Adedamola Adefolahan (born 5 February 1996), known professionally as Fireboy DML, is a Nigerian singer. He is signed to YBNL Nation, a record label founded by Nigerian rapper Olamide. His debut studio album Laughter, Tears and Goosebumps was released in 2019. He won Listener's Choice and was nominated for Song of the Year for "Jealous" at the 2020 Soundcity MVP Awards Festival.

Early life
Fireboy DML was born and raised in Abeokuta, Ogun state, and was a member of his church choir. He developed interest in music while studying at Obafemi Awolowo University.

Career

Breakthrough
His breakthrough single "Jealous" first appeared on YBNL Nation's collaborative album YBNL Mafia Family (2018), before being re-released on 25 March, 2019. The song is composed of guitar riffs, traditional drums and percussion; it combines African harmonies with elements of country and soul music. "Jealous" was produced by Cracker Mallo and is centered around love and the complicated feelings that go along with it. The visuals for "Jealous" was directed by Director K.

On 14 June 2019, Fireboy DML released the romantic single "What If I Say". It was produced by Pheelz, who incorporated a mix of percussion, ambient synth harmonies, and a drum riff into the production. The visuals for "What If I Say" was directed by TG Omori. On 1 August 2019, Fireboy DML released another single "King", in the song, he declares his worth to his love interest. The accompanying music video for "King" was directed by TG Omori; it contains images of Fireboy and his love interest in a rose petal embellished Rolls-Royce, as well as images of him singing at a fashion show where models walk on a runway.

Laughter, Tears and Goosebumps
Fireboy DML released his debut studio album Laughter, Tears and Goosebumps on 29 November, 2019. It was initially scheduled for release on 25 November. The album's music is a brand of R&B that combines love and social issues with empirical songwriting. LTG comprises 13 tracks and doesn't feature any guest artist; it amassed over 6 million streams on Spotify three days after its release. It received generally positive reviews from music critics, but was criticized for being labeled an "Afro-Life" record instead of an R&B album.
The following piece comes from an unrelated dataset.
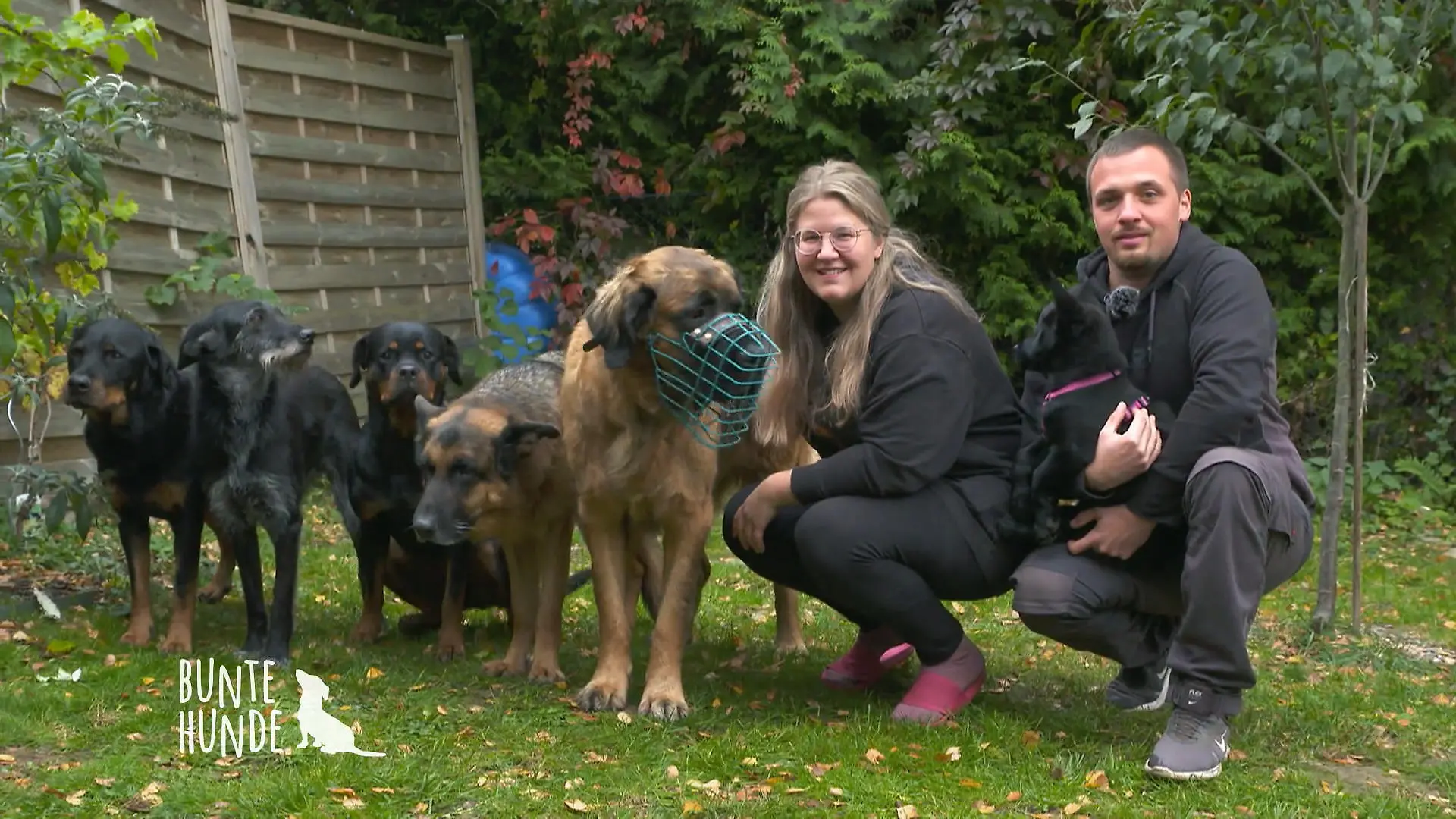 Willkommen bei der härtesten Hundegang Powerrudel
LTG was supported by the previously released singles "Jealous", "What If I Say" and "King". The single "Vibration" was a fan favourite.

Apollo and Frozen
On 17 August 2020, Fireboy released the tracklist to his sophomore album, Apollo.

In a review, Pitchfork gave Apollo an 8.3 rating out of 10 and called it "the peak of his vision so far, a melodious, detailed, and effortless album of feel-good pop and R&B." NotJustOk wrote: "At the base of his writing is a deep-seated knack for introspection, the desire to be himself and a whole others like himself, spinning personal and borrowed accounts of existential crisis, ambition, love, lust and depression."

In 2021, Fireboy DML released the single "Peru," which Music in Africa wrote "affirms [his] Afrobeats intelligence." He was featured on Ladipoe's hit "Running" and WSTRN's single "Be My Guest", and Cheque's single "History."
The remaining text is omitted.